Travail: painful, laborious effort (n), or (v) to engage in such. You probably know about the snobs who distinguish between 'travelers' and 'tourists' - of course they are always the former. But did you realise that the word 'travel' has the same root as the word 'travail'? It's not just about hard work, but is related to the Latin 'tripaliare', 'to torture' or the instruments for doing this. Even worse, before that it probably came from the Latin 'tripalis' or 'having three stakes'. Sounds about as painful as some of the travelling Bill and I have done - or touristing / touring, whatever you want to call what we do. I'm not bothered about naming it.

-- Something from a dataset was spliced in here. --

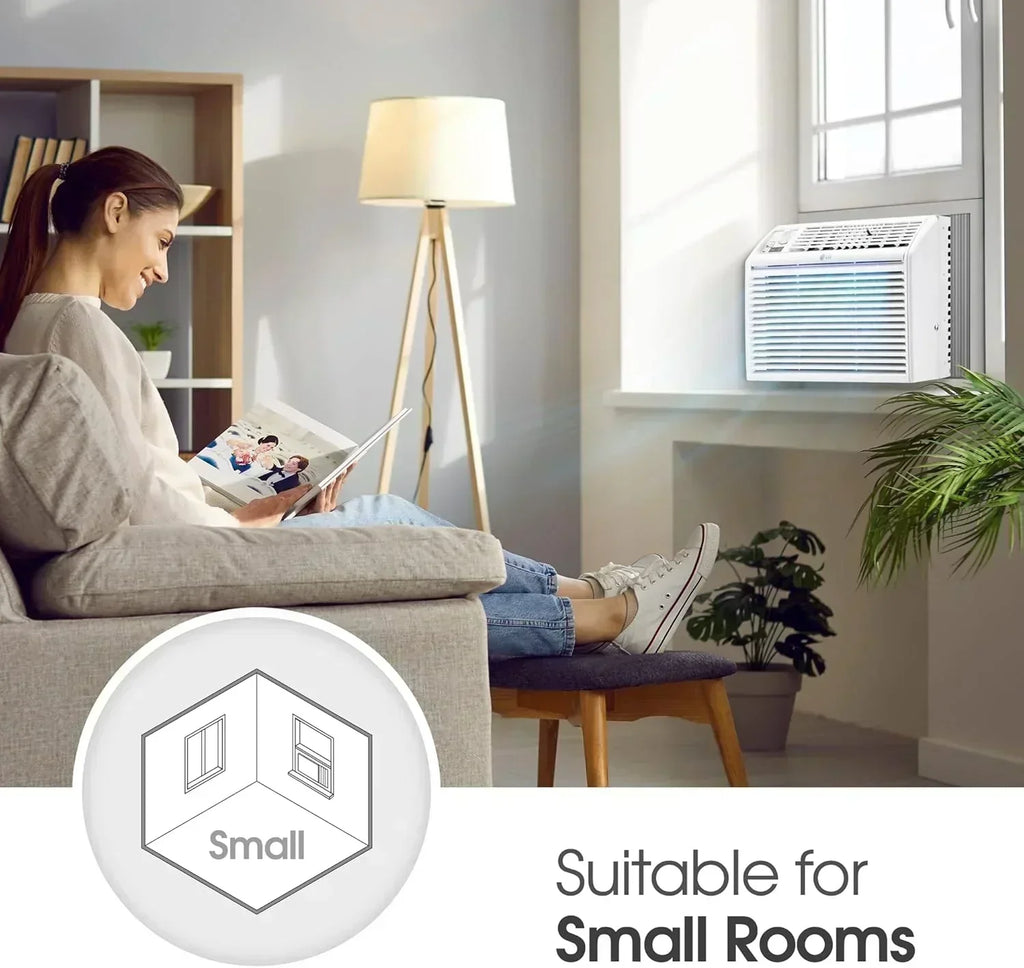 LG 5000 BTU Window Air Conditioners Easy Mechanical Control Ultra-Quiet Compact-size Cools Filter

Actually, being a 'traveler' isn't the top of the heap according to Fussell. To really impress him, you needed a whole other level of courage: you had to be an 'explorer'. Might be interesting to read Graham Greene's Journey without Maps, a 200 mile trip in West Africa undertaken in 1935. He uses the word
sodality - basically a fraternity, concerning the many witch doctors he encountered there. By at least one account, Greene wasn't a nice character at all. Then again, I read similar stuff about H.V. Morton, whose book (In Search of England) I'm
cf - from the Latin word confer, to consult. If eg is read 'such as' and ie is read 'for example', cf is read 'compare to'. You probably already knew that, right? I didn't.
I learned about a writer named Robert Byron whose opus magnum was The Road to Oxiana. I'm unlikely to travel in Persia (Iran), but a tad of internet research took me to a picture of a breath-taking mosque. Byron was killed in 1941 when his ship was torpedoed by a German submarine off the coast of Scotland; he was 35 years old. Having died young makes me wonder if he might or might not have been one of the nicer writers running around loose at the time.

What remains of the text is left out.